- [ASSIGNMENT] Exact reproduction required: the lines below from the line with "dandelion. Royalty Free Stock Photo" to the line with "De duinen van", both ends included, and no others.

......

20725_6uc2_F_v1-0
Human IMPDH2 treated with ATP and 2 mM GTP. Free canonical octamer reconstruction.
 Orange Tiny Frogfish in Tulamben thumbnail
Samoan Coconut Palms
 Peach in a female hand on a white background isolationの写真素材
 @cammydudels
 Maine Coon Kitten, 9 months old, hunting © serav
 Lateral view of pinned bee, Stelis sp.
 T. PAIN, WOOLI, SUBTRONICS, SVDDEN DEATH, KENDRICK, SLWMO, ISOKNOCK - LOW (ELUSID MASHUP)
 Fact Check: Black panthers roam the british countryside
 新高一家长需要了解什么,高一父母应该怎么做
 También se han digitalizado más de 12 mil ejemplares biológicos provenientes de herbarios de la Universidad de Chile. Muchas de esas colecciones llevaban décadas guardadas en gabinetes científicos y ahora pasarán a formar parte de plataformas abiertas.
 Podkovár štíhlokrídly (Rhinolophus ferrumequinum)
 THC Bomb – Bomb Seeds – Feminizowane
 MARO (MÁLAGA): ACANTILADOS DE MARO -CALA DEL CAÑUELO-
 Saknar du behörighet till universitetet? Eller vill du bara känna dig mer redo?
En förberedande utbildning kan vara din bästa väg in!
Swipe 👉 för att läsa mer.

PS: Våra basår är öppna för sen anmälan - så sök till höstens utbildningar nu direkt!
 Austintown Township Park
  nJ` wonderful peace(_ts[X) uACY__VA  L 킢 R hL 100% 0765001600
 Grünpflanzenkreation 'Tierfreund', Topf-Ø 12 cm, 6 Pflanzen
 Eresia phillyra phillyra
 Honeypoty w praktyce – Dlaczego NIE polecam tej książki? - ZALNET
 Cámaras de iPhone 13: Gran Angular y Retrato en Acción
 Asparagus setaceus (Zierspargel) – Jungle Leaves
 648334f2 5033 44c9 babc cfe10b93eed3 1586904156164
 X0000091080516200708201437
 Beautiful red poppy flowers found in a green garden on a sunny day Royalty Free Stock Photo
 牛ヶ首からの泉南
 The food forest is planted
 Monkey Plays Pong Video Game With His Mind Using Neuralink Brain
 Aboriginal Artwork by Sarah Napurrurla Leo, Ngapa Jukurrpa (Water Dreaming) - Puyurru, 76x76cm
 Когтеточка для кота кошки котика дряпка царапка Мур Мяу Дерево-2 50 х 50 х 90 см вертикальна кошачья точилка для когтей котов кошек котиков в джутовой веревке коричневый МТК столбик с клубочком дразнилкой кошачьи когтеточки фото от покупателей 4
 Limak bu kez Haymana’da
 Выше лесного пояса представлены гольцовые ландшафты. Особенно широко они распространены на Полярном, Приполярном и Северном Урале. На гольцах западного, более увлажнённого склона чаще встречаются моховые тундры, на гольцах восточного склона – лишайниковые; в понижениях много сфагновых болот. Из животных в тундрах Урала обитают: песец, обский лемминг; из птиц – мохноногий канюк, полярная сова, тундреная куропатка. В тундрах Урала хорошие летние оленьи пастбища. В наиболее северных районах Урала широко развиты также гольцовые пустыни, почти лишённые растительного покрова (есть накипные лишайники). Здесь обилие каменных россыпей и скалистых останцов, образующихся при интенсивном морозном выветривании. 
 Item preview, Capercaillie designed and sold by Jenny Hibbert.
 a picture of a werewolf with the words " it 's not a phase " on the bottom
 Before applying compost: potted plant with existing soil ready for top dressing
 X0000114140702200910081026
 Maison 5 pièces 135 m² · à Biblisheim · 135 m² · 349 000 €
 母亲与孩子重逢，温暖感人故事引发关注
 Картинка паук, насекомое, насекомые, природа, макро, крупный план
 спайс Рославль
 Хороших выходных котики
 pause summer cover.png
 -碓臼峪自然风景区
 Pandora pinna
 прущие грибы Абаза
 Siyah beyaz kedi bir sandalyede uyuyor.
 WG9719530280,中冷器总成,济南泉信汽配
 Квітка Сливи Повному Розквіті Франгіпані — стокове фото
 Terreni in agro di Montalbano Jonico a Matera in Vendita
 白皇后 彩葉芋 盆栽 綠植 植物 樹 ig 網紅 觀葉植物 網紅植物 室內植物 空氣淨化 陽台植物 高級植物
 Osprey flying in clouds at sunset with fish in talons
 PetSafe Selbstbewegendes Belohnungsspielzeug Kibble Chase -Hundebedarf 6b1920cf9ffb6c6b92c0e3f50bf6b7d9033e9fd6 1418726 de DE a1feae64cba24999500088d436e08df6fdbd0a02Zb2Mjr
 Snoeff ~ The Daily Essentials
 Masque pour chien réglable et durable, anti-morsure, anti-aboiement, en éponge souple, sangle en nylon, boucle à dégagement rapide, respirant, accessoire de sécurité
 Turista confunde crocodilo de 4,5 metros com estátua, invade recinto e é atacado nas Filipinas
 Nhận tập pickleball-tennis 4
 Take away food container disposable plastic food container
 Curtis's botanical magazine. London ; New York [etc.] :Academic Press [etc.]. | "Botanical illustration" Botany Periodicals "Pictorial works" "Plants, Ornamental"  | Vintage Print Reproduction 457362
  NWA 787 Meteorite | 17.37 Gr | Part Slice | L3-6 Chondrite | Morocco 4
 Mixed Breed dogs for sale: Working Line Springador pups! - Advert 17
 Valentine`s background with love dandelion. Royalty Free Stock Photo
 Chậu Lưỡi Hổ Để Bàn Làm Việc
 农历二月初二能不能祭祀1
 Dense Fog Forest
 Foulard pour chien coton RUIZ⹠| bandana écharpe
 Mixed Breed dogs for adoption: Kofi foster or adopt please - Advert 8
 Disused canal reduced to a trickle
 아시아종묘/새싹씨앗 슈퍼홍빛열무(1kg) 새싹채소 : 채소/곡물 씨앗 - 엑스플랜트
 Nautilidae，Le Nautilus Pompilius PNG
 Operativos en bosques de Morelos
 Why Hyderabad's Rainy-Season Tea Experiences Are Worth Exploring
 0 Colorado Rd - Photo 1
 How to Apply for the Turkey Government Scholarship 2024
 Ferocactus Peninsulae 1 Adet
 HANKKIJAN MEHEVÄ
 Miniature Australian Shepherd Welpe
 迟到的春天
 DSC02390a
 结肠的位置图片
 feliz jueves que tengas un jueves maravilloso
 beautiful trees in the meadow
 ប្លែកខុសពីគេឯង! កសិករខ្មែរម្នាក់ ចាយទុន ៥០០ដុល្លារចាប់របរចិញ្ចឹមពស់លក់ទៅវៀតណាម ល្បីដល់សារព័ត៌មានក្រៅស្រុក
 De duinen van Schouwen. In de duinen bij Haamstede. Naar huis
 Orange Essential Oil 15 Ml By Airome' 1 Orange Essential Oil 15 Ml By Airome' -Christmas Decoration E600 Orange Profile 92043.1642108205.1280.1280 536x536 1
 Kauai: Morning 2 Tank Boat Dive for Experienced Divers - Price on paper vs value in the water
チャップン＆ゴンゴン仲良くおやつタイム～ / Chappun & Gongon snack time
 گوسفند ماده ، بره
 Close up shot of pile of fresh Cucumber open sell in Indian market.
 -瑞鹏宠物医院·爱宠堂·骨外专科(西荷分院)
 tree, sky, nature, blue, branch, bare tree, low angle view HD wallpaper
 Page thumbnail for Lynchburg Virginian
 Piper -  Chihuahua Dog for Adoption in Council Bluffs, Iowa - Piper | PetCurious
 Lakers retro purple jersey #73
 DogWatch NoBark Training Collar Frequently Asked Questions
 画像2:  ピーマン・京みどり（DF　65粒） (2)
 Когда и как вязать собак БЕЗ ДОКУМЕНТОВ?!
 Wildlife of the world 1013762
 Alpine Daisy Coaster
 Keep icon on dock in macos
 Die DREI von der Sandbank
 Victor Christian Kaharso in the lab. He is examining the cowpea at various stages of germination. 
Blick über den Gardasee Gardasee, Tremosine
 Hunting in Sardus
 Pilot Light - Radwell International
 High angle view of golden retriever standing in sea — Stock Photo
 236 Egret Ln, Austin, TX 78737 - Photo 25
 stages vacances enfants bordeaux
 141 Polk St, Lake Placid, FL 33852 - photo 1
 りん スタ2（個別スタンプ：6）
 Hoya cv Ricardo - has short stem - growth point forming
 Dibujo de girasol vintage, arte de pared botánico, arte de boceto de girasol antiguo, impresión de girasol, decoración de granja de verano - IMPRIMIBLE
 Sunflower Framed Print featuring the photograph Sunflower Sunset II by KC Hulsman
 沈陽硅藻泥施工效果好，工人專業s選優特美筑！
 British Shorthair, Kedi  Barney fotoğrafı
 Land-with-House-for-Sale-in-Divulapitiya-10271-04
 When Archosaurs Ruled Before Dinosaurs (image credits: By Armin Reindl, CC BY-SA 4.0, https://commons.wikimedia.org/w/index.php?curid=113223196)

......

- [SOLUTION TO THIS TASK]
 Valentine`s background with love dandelion. Royalty Free Stock Photo
 Chậu Lưỡi Hổ Để Bàn Làm Việc
 农历二月初二能不能祭祀1
 Dense Fog Forest
 Foulard pour chien coton RUIZ⹠| bandana écharpe
 Mixed Breed dogs for adoption: Kofi foster or adopt please - Advert 8
 Disused canal reduced to a trickle
 아시아종묘/새싹씨앗 슈퍼홍빛열무(1kg) 새싹채소 : 채소/곡물 씨앗 - 엑스플랜트
 Nautilidae，Le Nautilus Pompilius PNG
 Operativos en bosques de Morelos
 Why Hyderabad's Rainy-Season Tea Experiences Are Worth Exploring
 0 Colorado Rd - Photo 1
 How to Apply for the Turkey Government Scholarship 2024
 Ferocactus Peninsulae 1 Adet
 HANKKIJAN MEHEVÄ
 Miniature Australian Shepherd Welpe
 迟到的春天
 DSC02390a
 结肠的位置图片
 feliz jueves que tengas un jueves maravilloso
 beautiful trees in the meadow
 ប្លែកខុសពីគេឯង! កសិករខ្មែរម្នាក់ ចាយទុន ៥០០ដុល្លារចាប់របរចិញ្ចឹមពស់លក់ទៅវៀតណាម ល្បីដល់សារព័ត៌មានក្រៅស្រុក
 De duinen van Schouwen. In de duinen bij Haamstede. Naar huis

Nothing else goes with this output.